Opinión | Tierra de nadie
Turbulencias mentales
Si los dos momentos más peligrosos de un vuelo son el despegue y el aterrizaje, los dos más peligrosos de la vida son el nacimiento y la defunción. Cada día, al despertarnos y al acostarnos, reproducimos metafóricamente esos dos instantes. Al meternos en la cama, nos atacan los remordimientos por lo que el día pudo haber sido y no fue; al despertarnos, la ansiedad por llenar como es debido las horas que se extienden por delante, ignoramos si como promesa o como amenaza. Una vez duchados y vestidos, y si no se producen turbulencias graves (una llamada anunciando el fallecimiento de un ser querido, por ejemplo) la jornada discurre con tranquilidad porque disponemos de multitud de mecanismos de defensa para engañarnos o justificarnos. Contamos, además, con los placeres de la comida, de la tele, del paseo, de la lectura… La sensación de vacío no ataca, pues, hasta el aterrizaje, cuando uno se mete de nuevo entre las sábanas y se pregunta por el sentido de la vida. De ahí las ventajas de estar muy ocupados, de tener una agenda llena de compromisos. No es probable que un subsecretario se pregunte por el sentido de la vida, ni siquiera por el sentido del telediario.

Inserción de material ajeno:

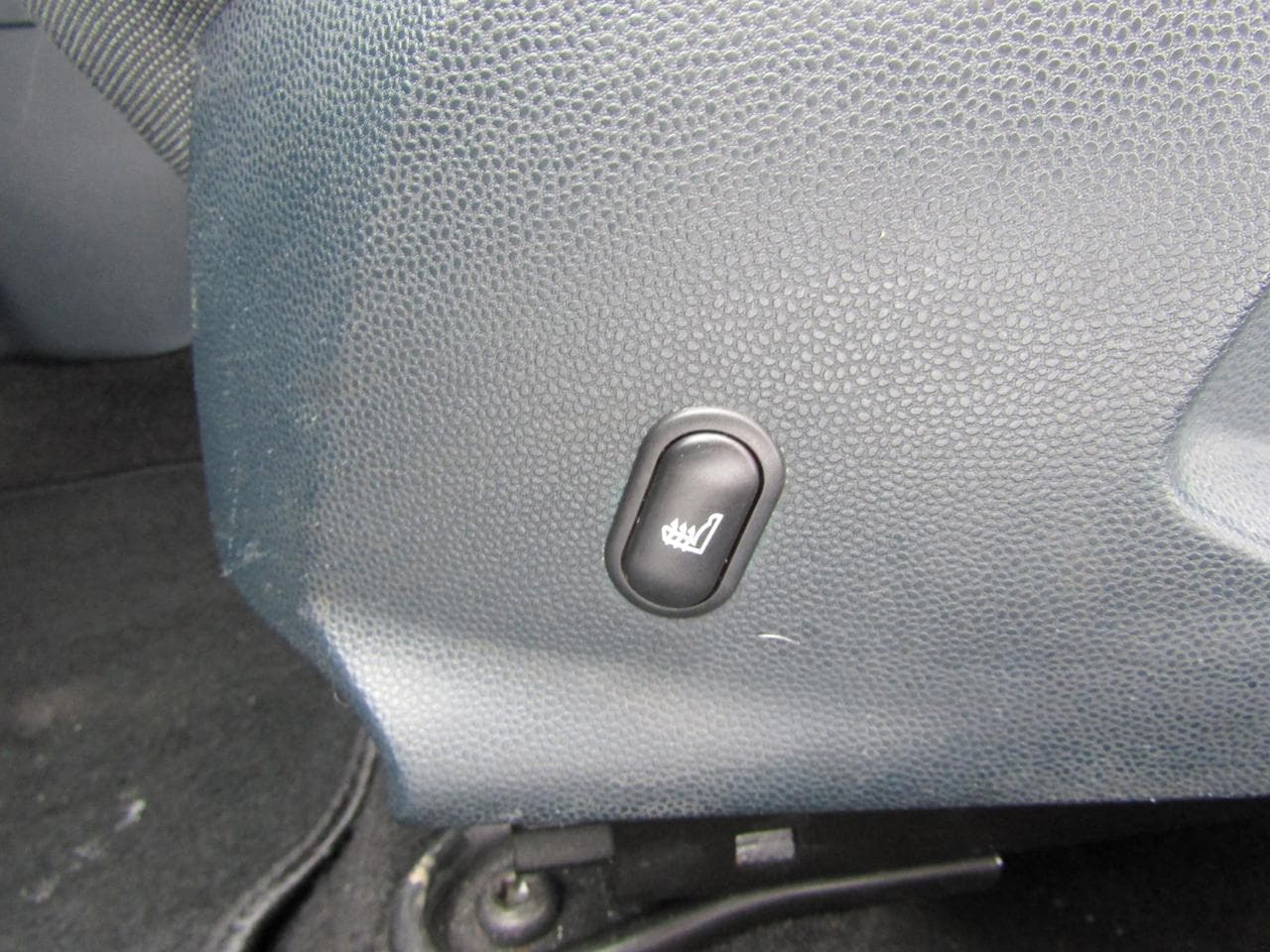 2012 Ford FIESTA - 13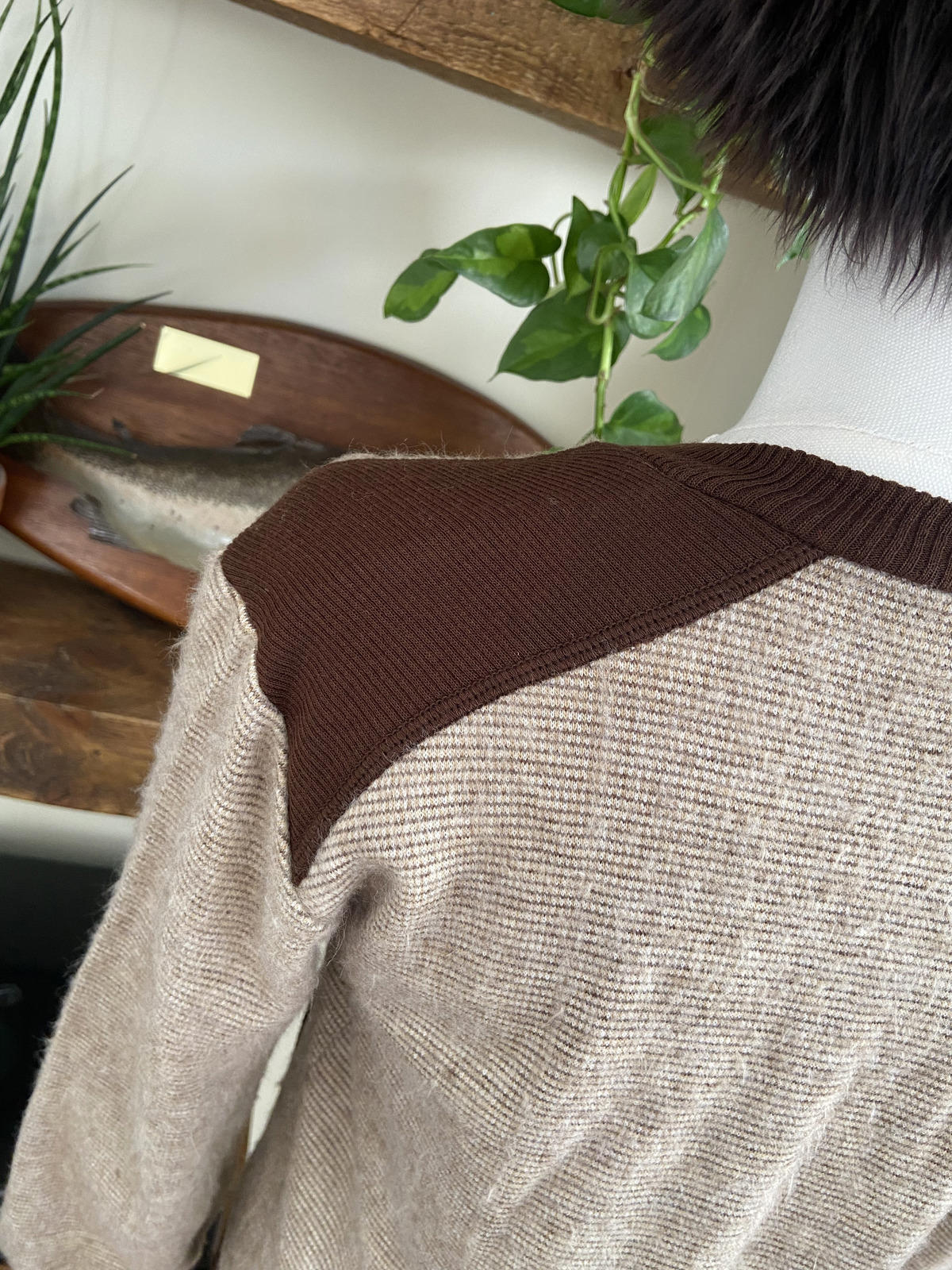 Vintage 1970s Beige Brown Jumper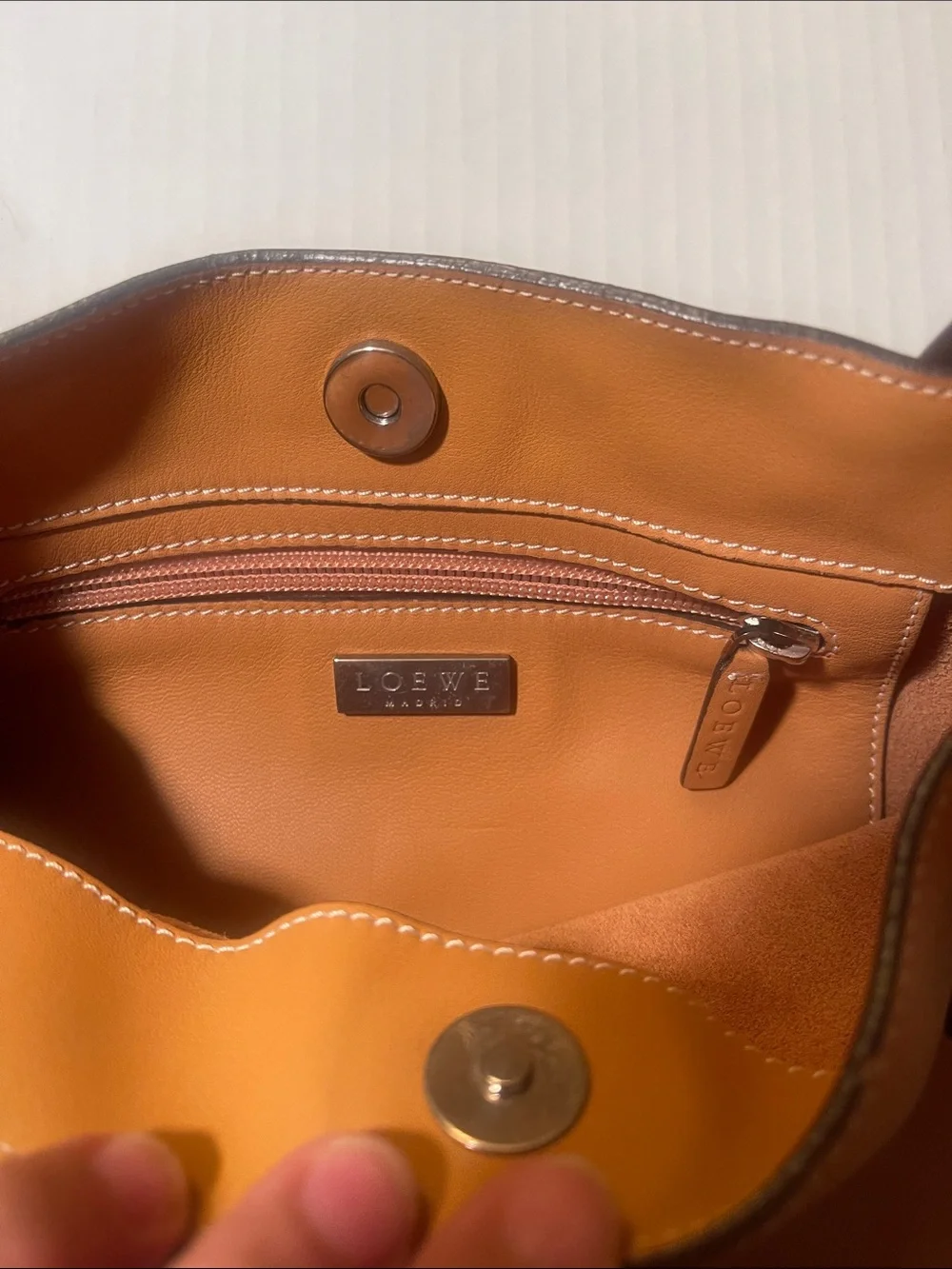 LOEWE Tan Leather Shoulder Tote - Classic LOEWE Design preloved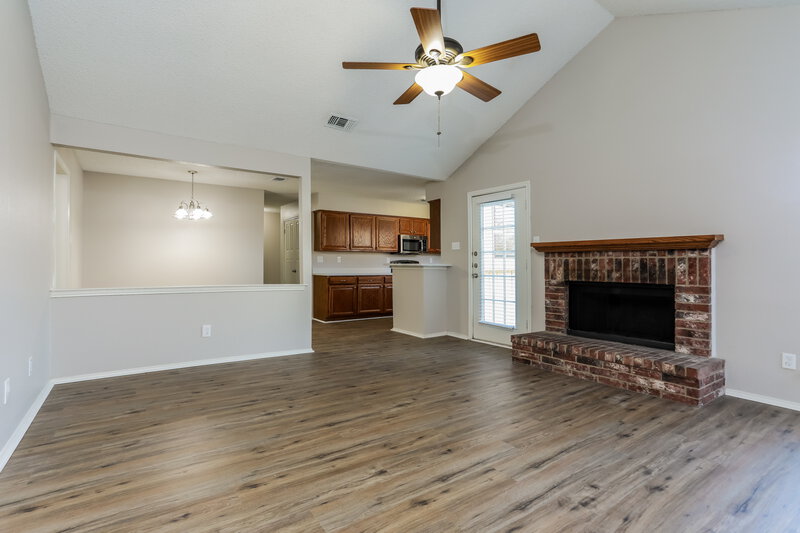 2,595/Mo, 1709 Raton Dr Arlington, TX 76018 Family Room View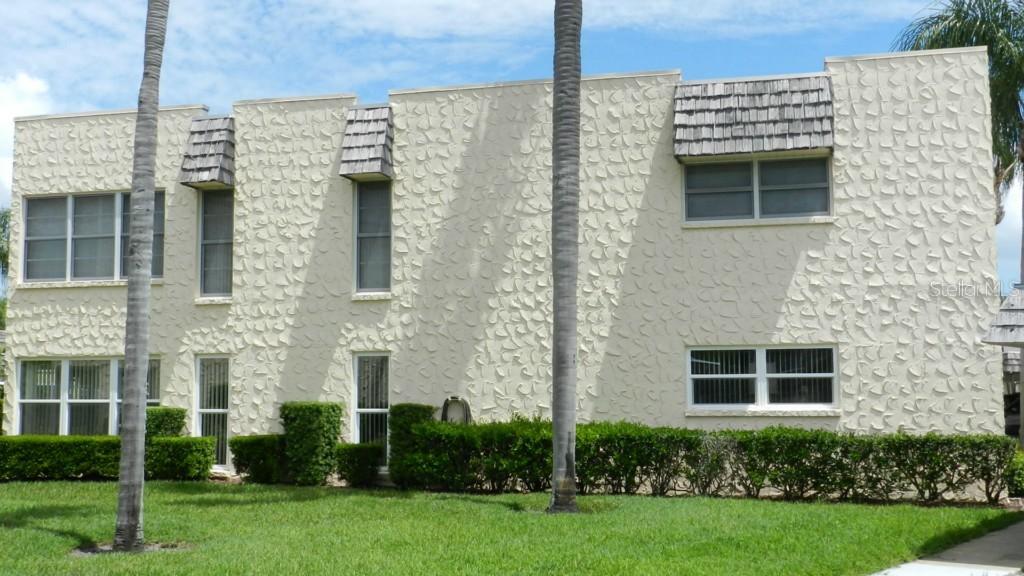 220 Fernwood Cir., Seminole, FL 33777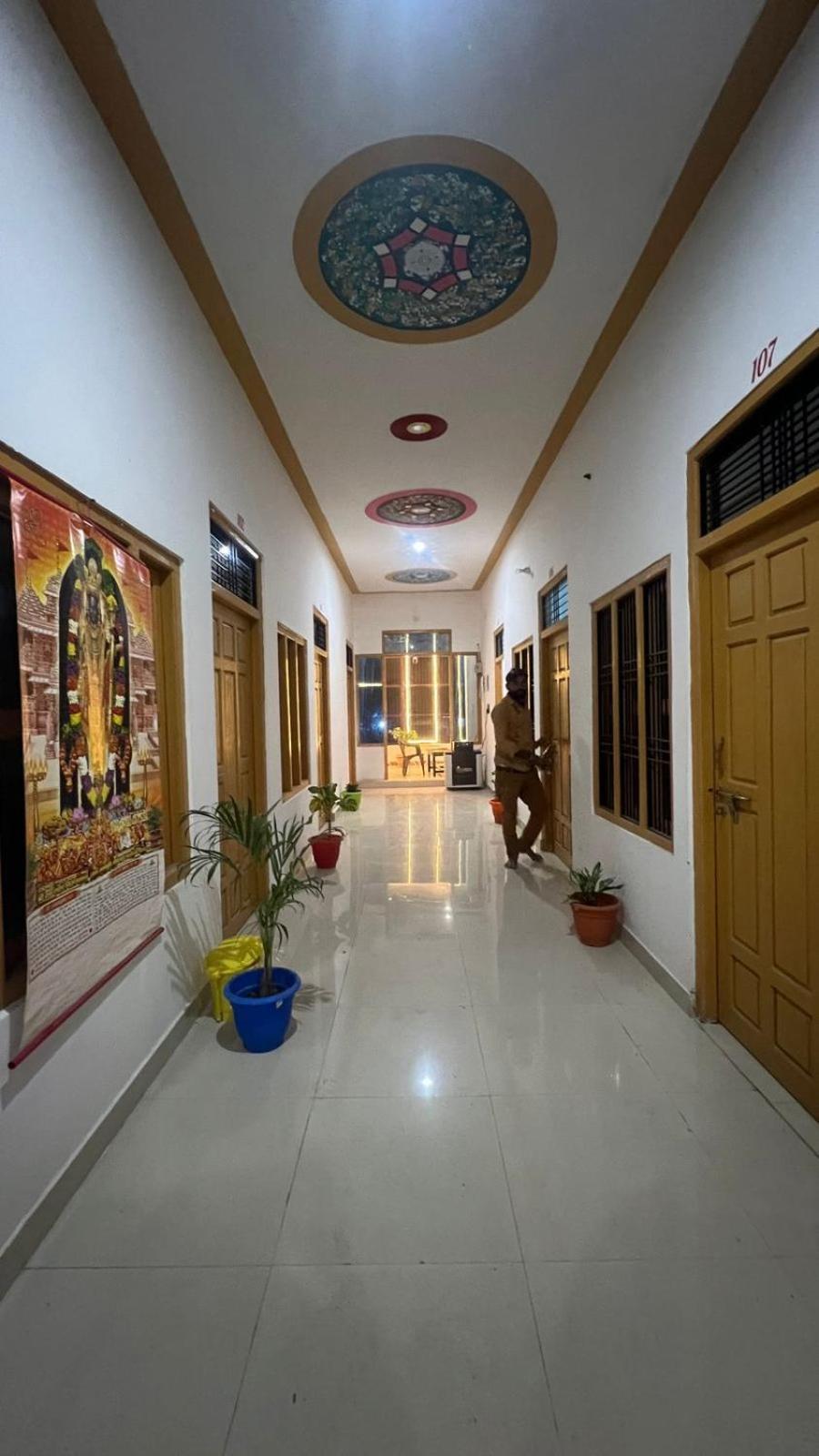 Veda Palace, 900 Meter Distancce From Temple Ayodhya Luaran gambar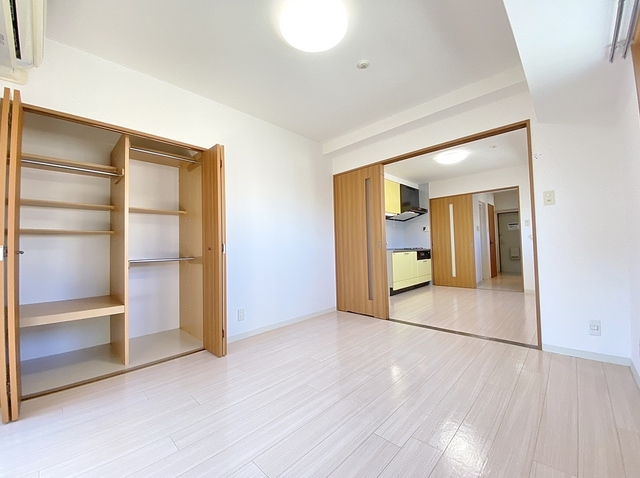 居室・リビング　大きなクローゼットあり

Hay turbulencias en el vuelo a Bilbao en el que le doy vueltas a estos asuntos. Nos han dicho que nos pongamos los cinturones de seguridad y que no vayamos al servicio. Al poco, el avión sufre una caída que nos pone el corazón en la garganta, como cuando bajas de una torre muy alta en un ascensor ultrarrápido. El hombre que viaja a mi lado me coge de la mano. Comprendo su miedo.
–Peores son las turbulencias mentales –le aseguro con una sonrisa para darle ánimos.
Atravesado el temporal, retira su mano un poco avergonzado. Le digo que no se apure, que esa es una de las utilidades de las manos: la de cogerse a un clavo ardiendo, aunque el clavo ardiendo, en este caso, haya sido yo. No hay manos mentales. La mente tiene sus limitaciones como las navajas suizas, pese a su versatilidad, tienen las suyas.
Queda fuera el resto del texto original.